Every line from the start of the data through the line containing "Foto del edificio - 12105 Short Leaf Path" should be retyped exactly; the pictures should not.

▶ **Collected data**:
_ _ _ _
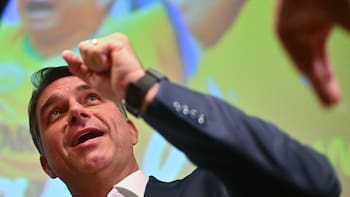 Flávio Bolsonaro se autoproclama presidente electo legítimo de Brasil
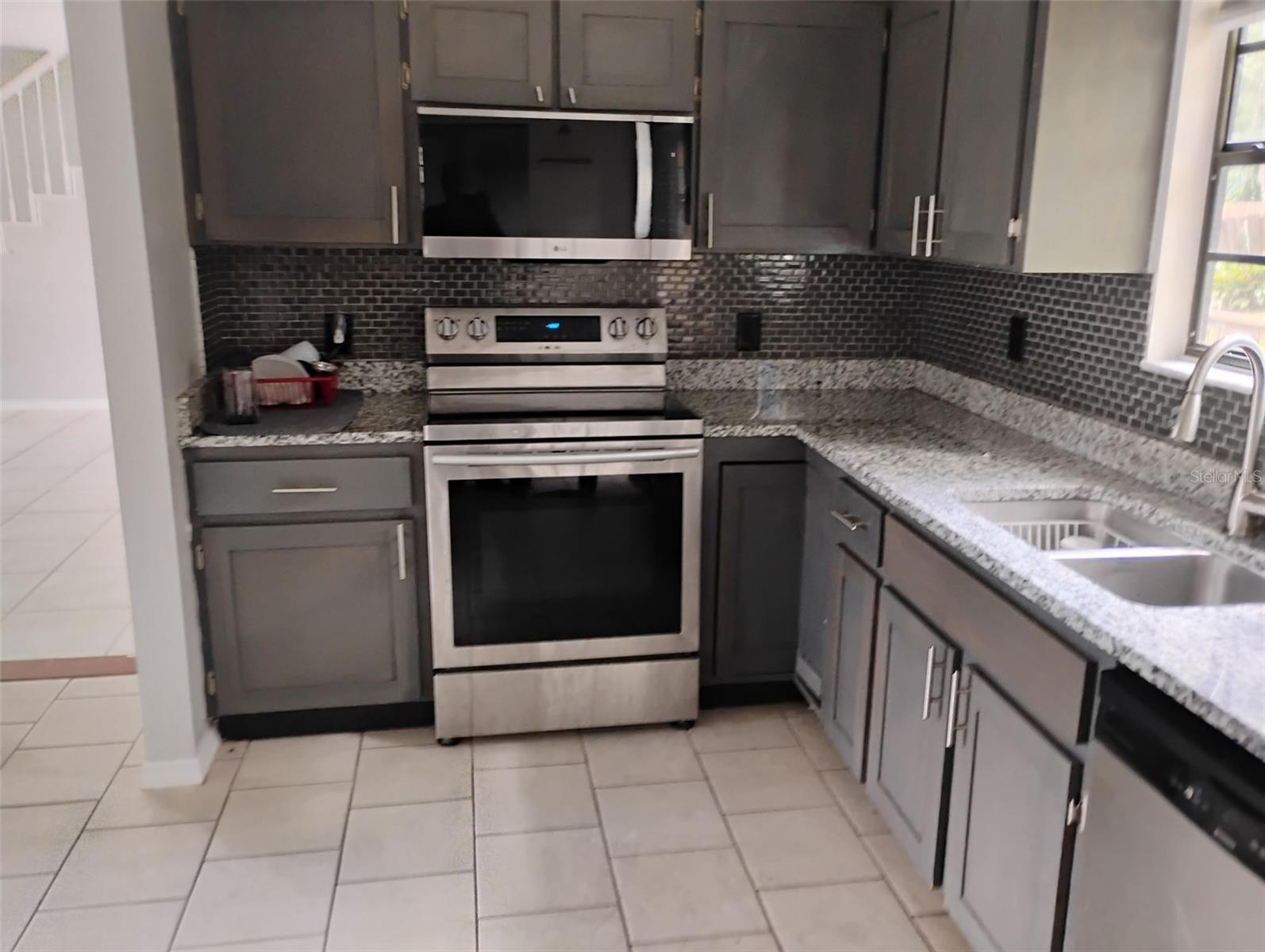 COUNTRYSIDE FOREST UNIT IV - Residential Lease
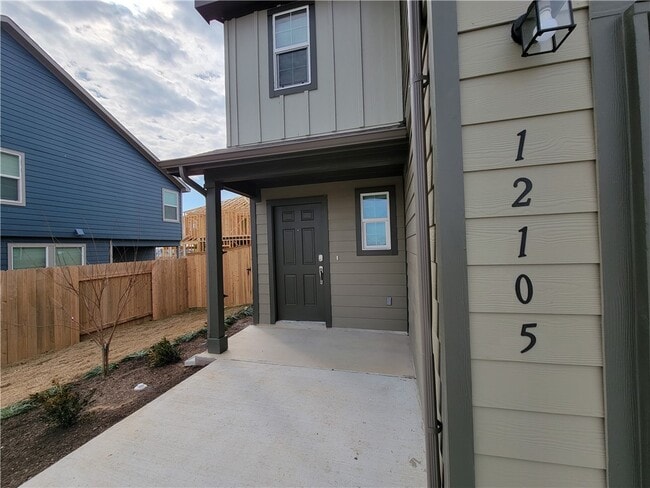 Foto del edificio - 12105 Short Leaf Path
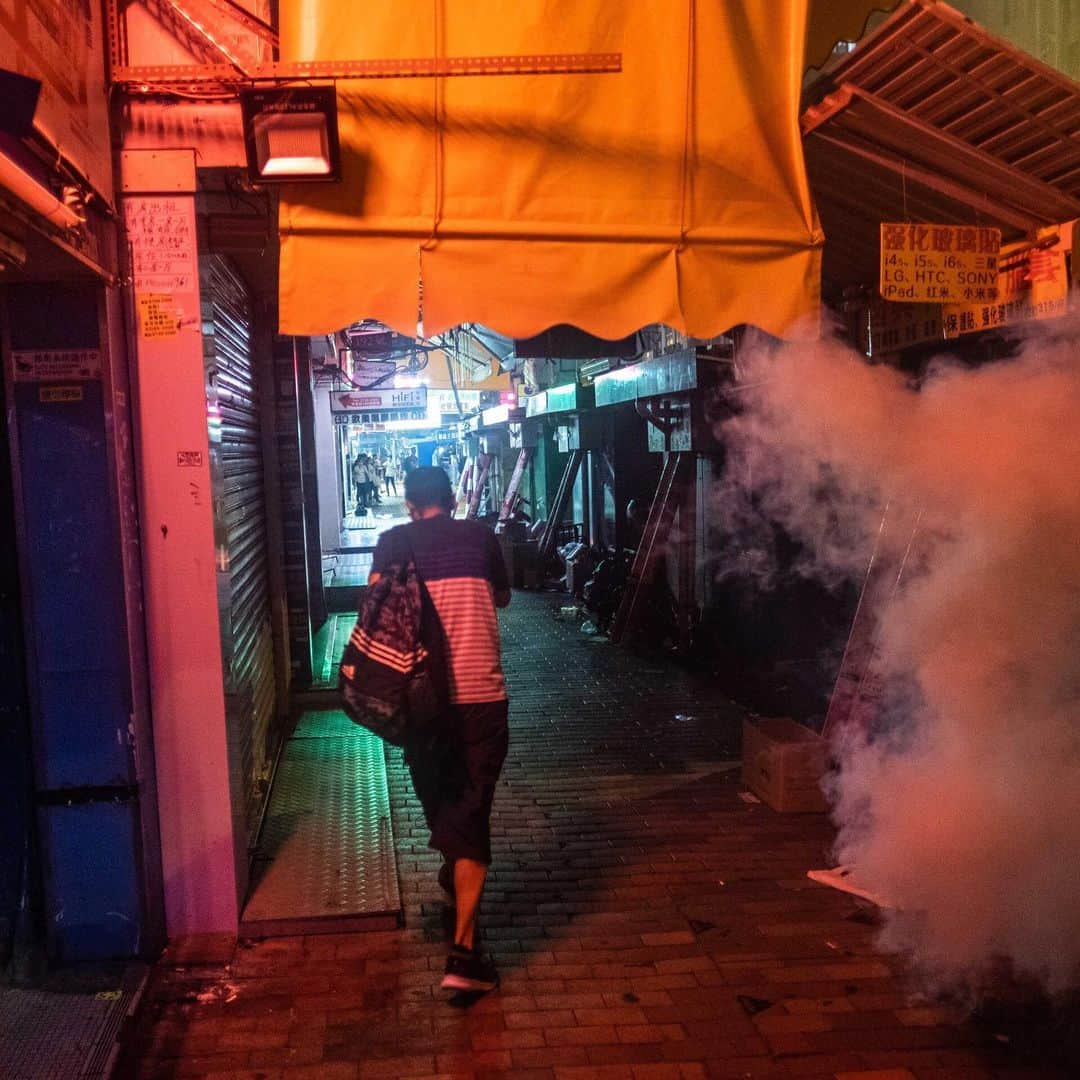 ニューヨーク・タイムズさんのインスタグラム写真 - (ニューヨーク・タイムズInstagram)「Most Hong Kongers have never seen anything like this summer, which has been roiled by protests and tear gas. On Friday, the police arrested prominent democracy activists. The authorities intensified their crackdown on the protests ahead of a sensitive political anniversary on Saturday, the 5th anniversary of a ruling tied to the beginnings of the Umbrella Movement. But even in the midst of turmoil, that doesn’t mean the city has come to a halt. In fact, this bastion of capitalism on China’s southern coast is still going about its business. The ATMs are dispensing cash. High-end restaurants are taking reservations. Street vendors are hawking their wares. And for many of the hundreds of thousands of residents who have joined the protests, demonstrating is a weekend activity — come Monday, everyone goes back to work. “We are all worried, but life goes on,” said one Hong Konger. Visit the link in our bio to read more about what life is like in Hong Kong amid the protests. @lamyikfei took these photos.」8月31日 2時22分 - nytimes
_ _ _ _
▶ **Exercise solution**:
 Flávio Bolsonaro se autoproclama presidente electo legítimo de Brasil
 COUNTRYSIDE FOREST UNIT IV - Residential Lease
 Foto del edificio - 12105 Short Leaf Path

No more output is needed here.